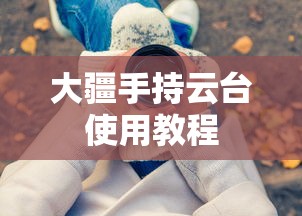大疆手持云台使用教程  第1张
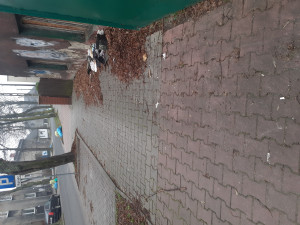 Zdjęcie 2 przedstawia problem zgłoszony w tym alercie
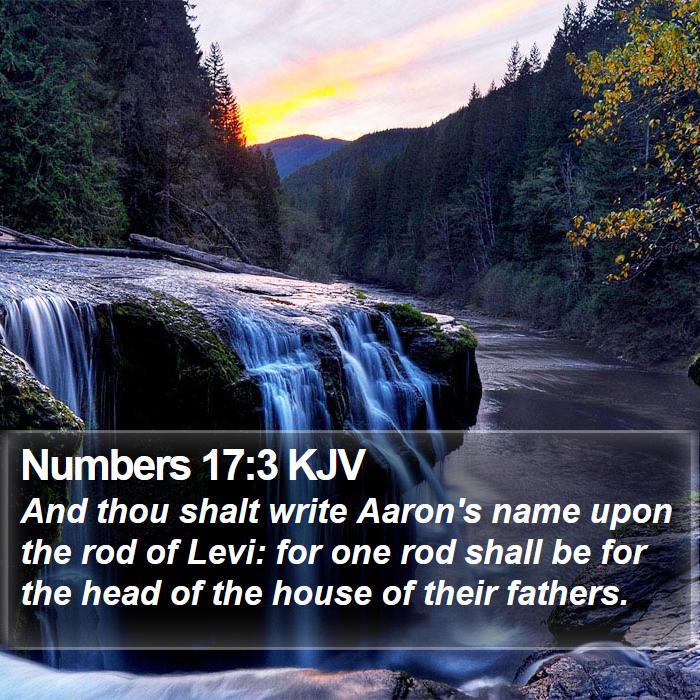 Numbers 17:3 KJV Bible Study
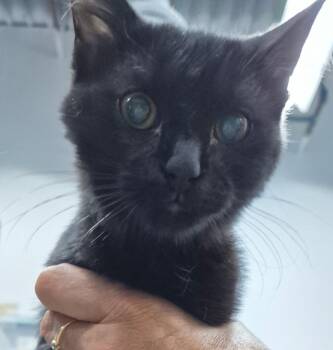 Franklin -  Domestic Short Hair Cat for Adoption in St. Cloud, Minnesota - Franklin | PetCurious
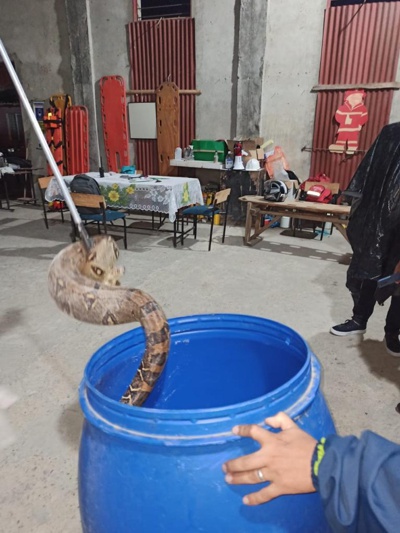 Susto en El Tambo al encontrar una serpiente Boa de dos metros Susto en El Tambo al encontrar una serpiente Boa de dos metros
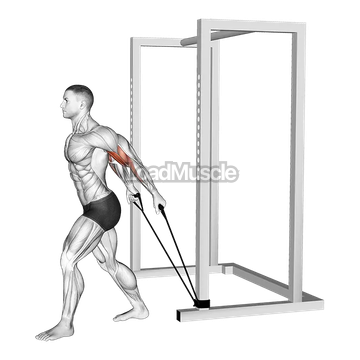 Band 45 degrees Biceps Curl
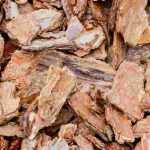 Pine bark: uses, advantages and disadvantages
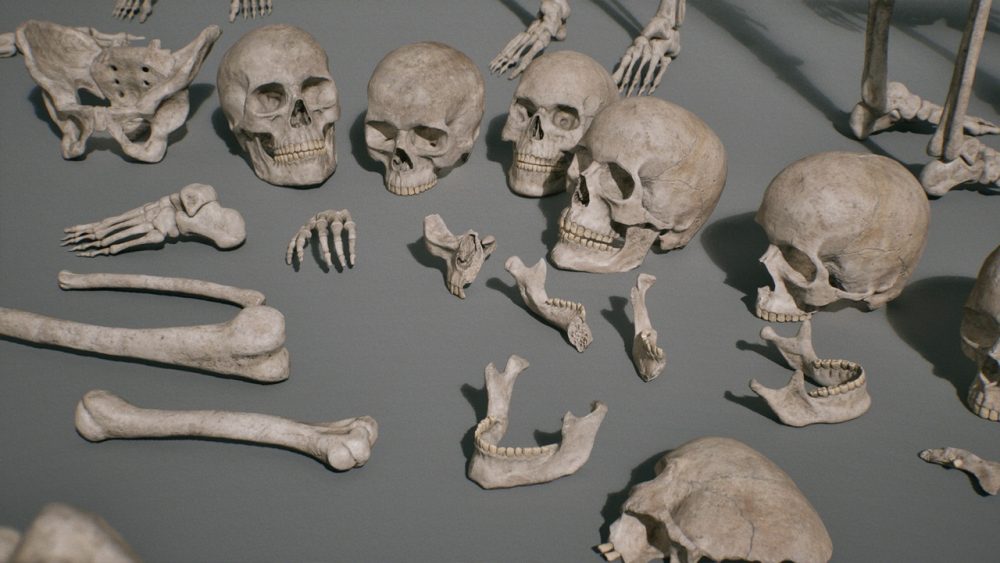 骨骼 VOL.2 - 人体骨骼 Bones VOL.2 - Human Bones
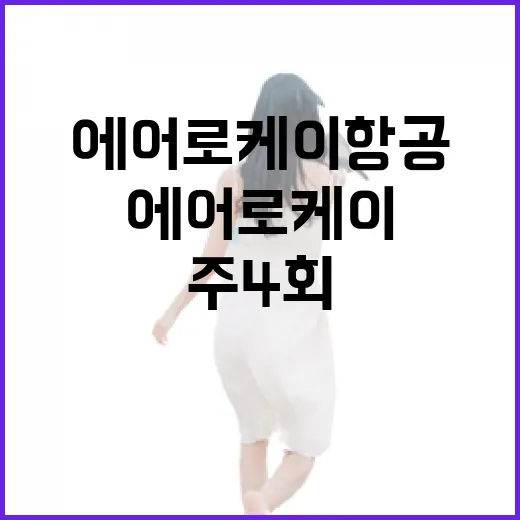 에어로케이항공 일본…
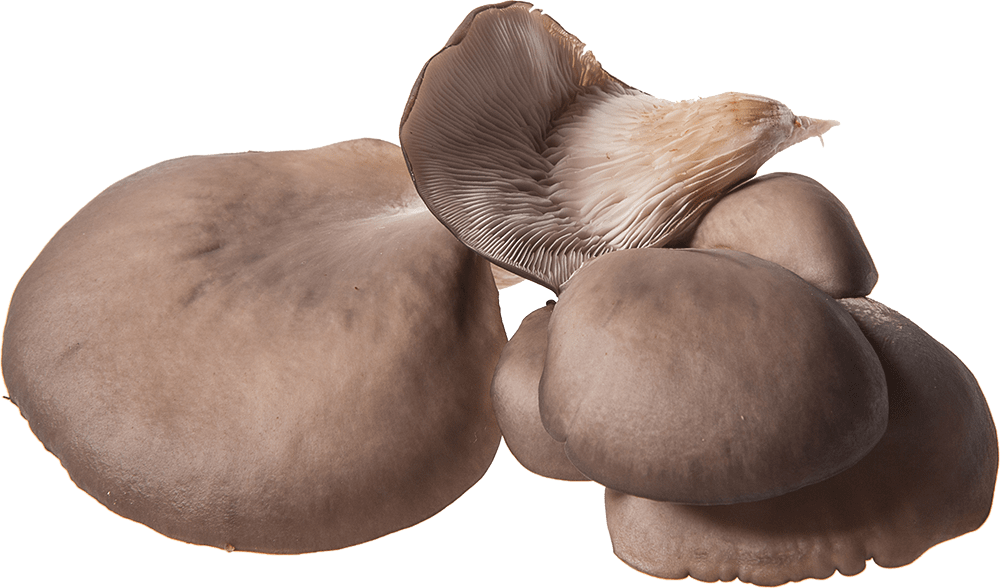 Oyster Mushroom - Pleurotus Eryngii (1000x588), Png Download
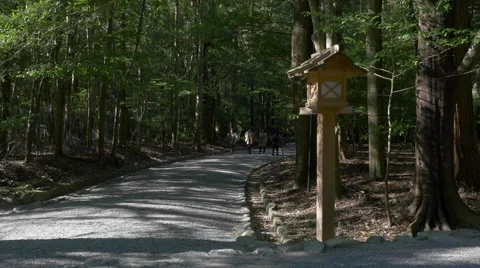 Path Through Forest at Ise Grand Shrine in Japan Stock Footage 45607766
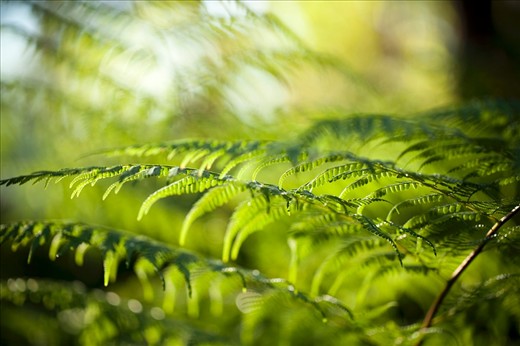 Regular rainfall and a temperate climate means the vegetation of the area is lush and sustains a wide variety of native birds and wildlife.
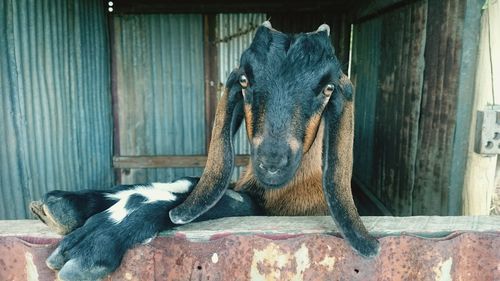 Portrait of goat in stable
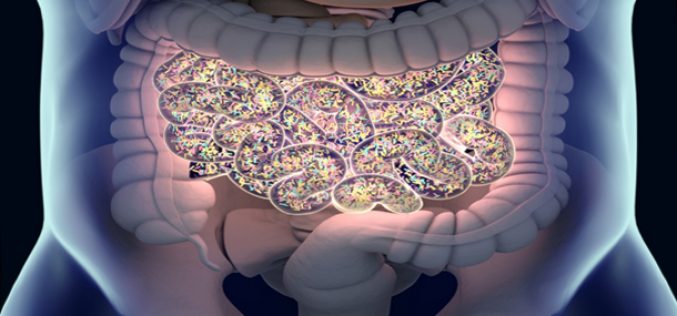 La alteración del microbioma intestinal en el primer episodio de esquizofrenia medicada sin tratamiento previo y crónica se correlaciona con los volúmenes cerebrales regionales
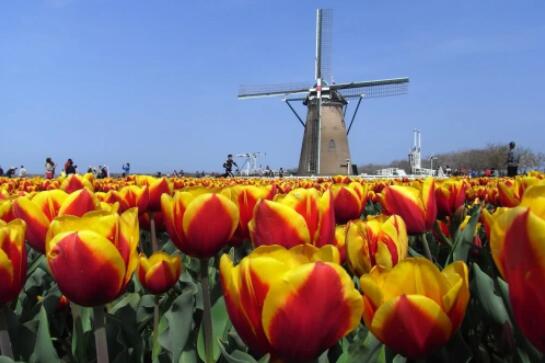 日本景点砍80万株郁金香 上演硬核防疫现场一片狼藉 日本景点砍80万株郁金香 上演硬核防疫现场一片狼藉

* * *

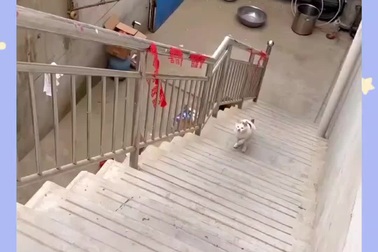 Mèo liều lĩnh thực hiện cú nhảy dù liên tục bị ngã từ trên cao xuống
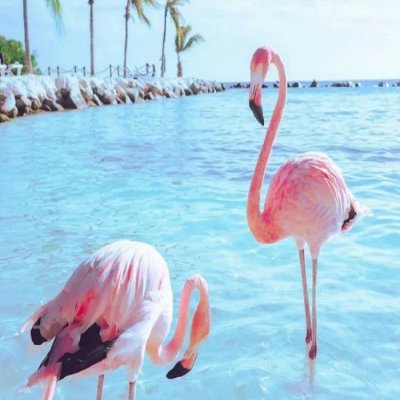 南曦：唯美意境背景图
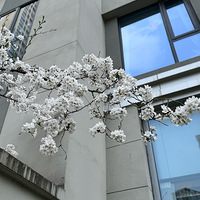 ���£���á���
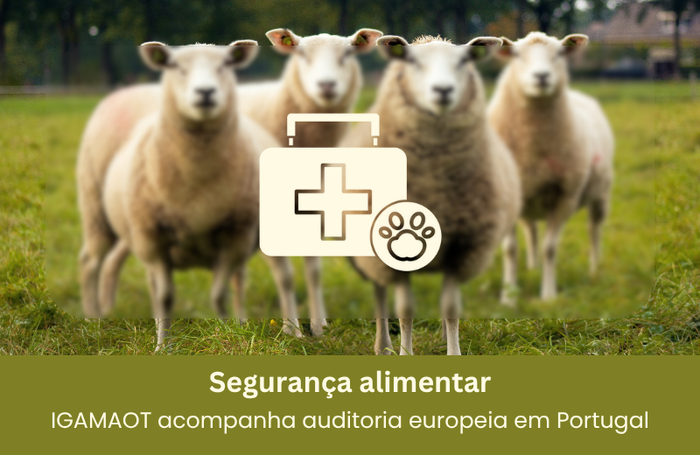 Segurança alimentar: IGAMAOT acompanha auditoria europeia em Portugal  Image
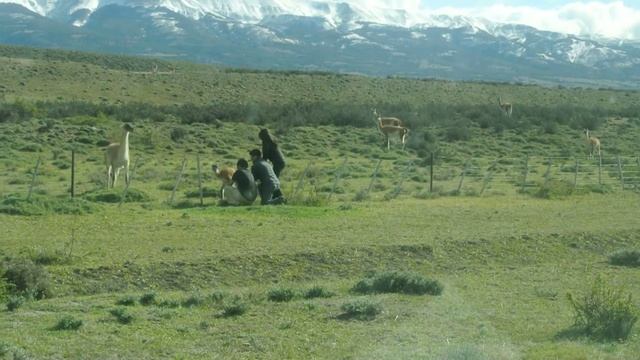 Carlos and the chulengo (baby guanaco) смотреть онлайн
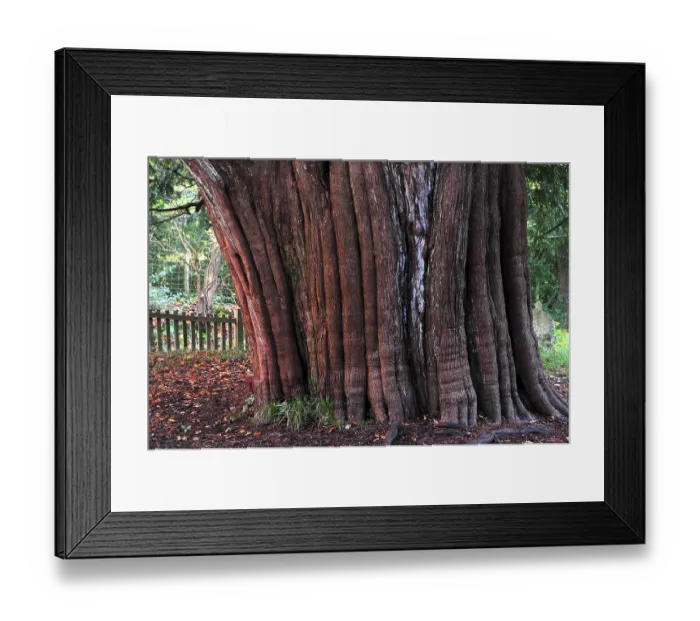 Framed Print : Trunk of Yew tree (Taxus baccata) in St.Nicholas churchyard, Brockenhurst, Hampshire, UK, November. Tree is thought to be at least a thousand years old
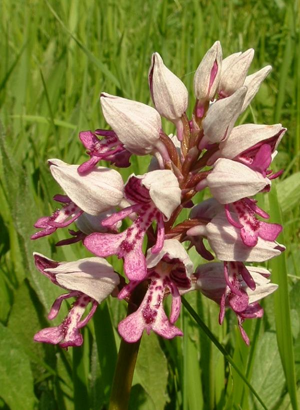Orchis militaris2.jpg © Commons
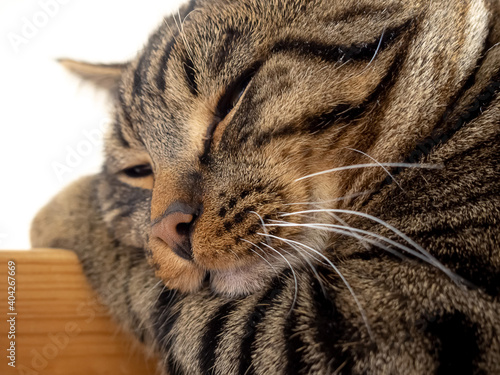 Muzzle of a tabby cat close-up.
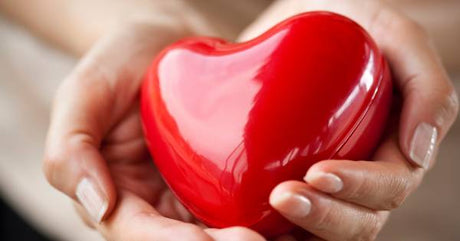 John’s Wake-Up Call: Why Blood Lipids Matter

...

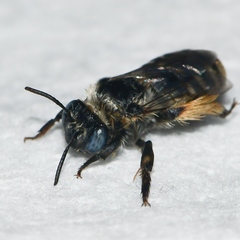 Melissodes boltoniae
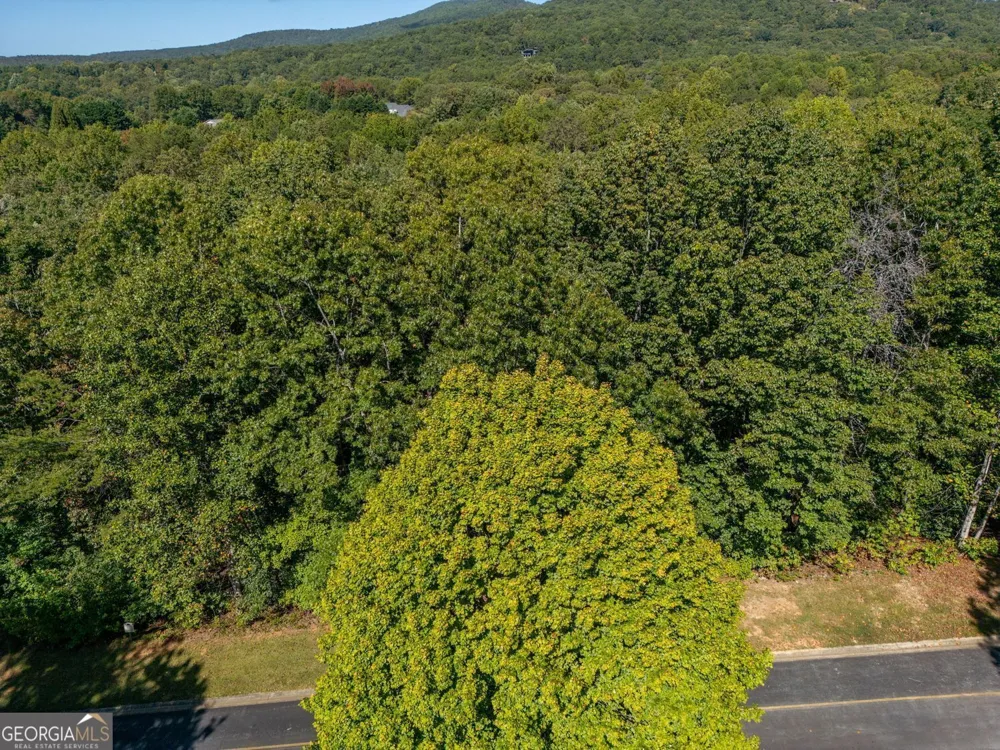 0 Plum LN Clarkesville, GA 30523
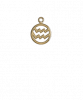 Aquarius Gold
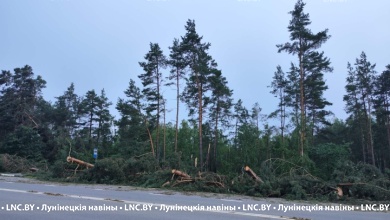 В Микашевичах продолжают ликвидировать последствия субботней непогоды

What to work on: Working from the records above, set down word for word everything from the line containing "Aquarius Gold" down to the line containing "В Микашевичах продолжают", ends included, minus the pictures.

Answer space:
 Aquarius Gold
 В Микашевичах продолжают ликвидировать последствия субботней непогоды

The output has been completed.